*** SUPPLIED MATERIAL ***

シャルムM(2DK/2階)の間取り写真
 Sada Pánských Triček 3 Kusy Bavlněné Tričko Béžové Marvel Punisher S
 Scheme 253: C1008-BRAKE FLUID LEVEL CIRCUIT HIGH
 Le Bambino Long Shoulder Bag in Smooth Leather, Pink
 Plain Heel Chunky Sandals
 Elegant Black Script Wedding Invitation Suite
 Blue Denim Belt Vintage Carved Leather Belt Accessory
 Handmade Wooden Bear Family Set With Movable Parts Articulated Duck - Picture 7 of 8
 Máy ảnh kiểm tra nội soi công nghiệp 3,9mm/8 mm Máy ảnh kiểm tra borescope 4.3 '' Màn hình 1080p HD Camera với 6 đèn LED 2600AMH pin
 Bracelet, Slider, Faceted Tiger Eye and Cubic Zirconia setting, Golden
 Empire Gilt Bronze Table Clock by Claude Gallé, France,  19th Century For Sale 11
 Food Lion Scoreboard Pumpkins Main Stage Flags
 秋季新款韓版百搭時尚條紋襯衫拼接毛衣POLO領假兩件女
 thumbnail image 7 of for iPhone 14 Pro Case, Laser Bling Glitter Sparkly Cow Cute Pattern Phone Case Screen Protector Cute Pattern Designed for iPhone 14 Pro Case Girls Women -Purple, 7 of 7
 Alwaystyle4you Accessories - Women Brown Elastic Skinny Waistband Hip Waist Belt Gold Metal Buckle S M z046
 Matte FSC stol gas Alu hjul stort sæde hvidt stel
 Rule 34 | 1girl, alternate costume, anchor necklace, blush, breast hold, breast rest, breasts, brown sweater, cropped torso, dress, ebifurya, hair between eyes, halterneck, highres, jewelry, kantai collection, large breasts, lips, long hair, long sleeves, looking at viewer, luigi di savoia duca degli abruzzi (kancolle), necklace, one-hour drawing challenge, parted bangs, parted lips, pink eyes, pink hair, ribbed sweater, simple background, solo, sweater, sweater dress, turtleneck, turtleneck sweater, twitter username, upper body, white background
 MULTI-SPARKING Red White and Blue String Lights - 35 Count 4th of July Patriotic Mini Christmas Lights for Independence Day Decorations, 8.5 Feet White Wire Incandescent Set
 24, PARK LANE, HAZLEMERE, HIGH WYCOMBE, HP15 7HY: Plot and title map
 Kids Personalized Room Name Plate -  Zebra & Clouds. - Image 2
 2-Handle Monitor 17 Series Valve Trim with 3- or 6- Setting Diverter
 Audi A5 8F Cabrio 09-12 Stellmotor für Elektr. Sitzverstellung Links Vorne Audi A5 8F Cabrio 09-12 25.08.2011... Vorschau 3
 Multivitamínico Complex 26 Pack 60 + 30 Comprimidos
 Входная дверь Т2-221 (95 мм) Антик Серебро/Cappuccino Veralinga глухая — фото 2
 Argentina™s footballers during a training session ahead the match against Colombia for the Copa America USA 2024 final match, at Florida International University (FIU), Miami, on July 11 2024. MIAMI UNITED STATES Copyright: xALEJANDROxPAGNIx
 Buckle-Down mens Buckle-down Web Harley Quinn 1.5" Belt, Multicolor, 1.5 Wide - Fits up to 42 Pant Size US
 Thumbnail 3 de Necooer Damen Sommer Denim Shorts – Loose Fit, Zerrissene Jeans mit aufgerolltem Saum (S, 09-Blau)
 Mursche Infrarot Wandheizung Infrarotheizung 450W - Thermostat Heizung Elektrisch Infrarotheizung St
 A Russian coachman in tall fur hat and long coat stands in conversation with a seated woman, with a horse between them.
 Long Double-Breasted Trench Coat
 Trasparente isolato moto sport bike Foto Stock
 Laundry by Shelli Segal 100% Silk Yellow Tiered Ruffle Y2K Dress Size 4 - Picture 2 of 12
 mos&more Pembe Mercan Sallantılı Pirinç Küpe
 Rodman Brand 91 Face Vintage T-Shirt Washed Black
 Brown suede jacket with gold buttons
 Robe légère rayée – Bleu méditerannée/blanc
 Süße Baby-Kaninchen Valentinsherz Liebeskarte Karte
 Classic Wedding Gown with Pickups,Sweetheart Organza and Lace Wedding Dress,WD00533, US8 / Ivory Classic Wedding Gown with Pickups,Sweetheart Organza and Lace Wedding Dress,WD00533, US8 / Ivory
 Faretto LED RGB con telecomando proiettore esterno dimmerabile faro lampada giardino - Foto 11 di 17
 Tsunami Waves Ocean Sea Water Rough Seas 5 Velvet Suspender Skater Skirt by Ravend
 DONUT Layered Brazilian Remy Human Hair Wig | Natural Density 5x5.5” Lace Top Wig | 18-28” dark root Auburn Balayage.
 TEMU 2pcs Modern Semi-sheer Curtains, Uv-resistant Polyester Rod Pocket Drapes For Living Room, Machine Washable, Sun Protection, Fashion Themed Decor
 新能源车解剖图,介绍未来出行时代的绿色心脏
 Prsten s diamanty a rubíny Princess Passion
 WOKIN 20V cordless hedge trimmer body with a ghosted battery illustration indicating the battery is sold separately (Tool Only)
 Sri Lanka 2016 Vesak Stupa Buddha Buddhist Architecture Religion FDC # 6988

*** End of SUPPLIED MATERIAL ***

> [WORK INSTRUCTIONS]
Repeat the line containing "Prsten s diamanty a rubíny Princess Passion" and all subsequent lines through the final line of the data, exactly and with no others.

> [YOUR RESPONSE]
 Prsten s diamanty a rubíny Princess Passion
 WOKIN 20V cordless hedge trimmer body with a ghosted battery illustration indicating the battery is sold separately (Tool Only)
 Sri Lanka 2016 Vesak Stupa Buddha Buddhist Architecture Religion FDC # 6988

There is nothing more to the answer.